The National Bureau of Statistics reported a manufacturing Purchasing Managers’ Index (PMI) of 49.2 for November, up modestly from October’s 49.0 but still below the 50 threshold that separates growth from contraction. The figure also fell short of economists’ median expectation of 49.4 from a Bloomberg survey.
The marginal improvement followed an October meeting between Chinese President Xi Jinping and US President Donald Trump in South Korea, where both sides agreed to pause their trade dispute. Trump announced plans to reduce a 20 percent tariff on Chinese goods, while Xi pledged to temporarily lift certain export controls on the rare-earth industry. China also agreed to restart soybean imports from the United States after a halt earlier in the harvest season.

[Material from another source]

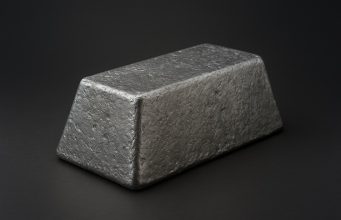Cercetătorii germani au creat un metal aproape indestructibil, stabil la temperaturi extreme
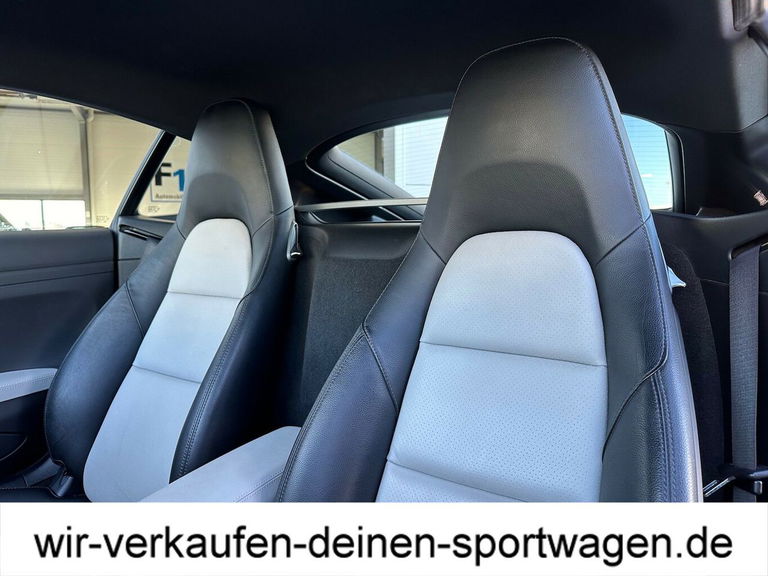 Porsche 718 Cayman S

In addition to the manufacturing slowdown, China’s non-manufacturing PMI—which tracks the services and construction industries—slipped to 49.5 in November. This marks its first contraction in nearly three years, driven largely by weakening performance in real estate and residential services.
Despite the persistent softness across key sectors, China is still expected to meet its full-year growth goal of around 5 percent.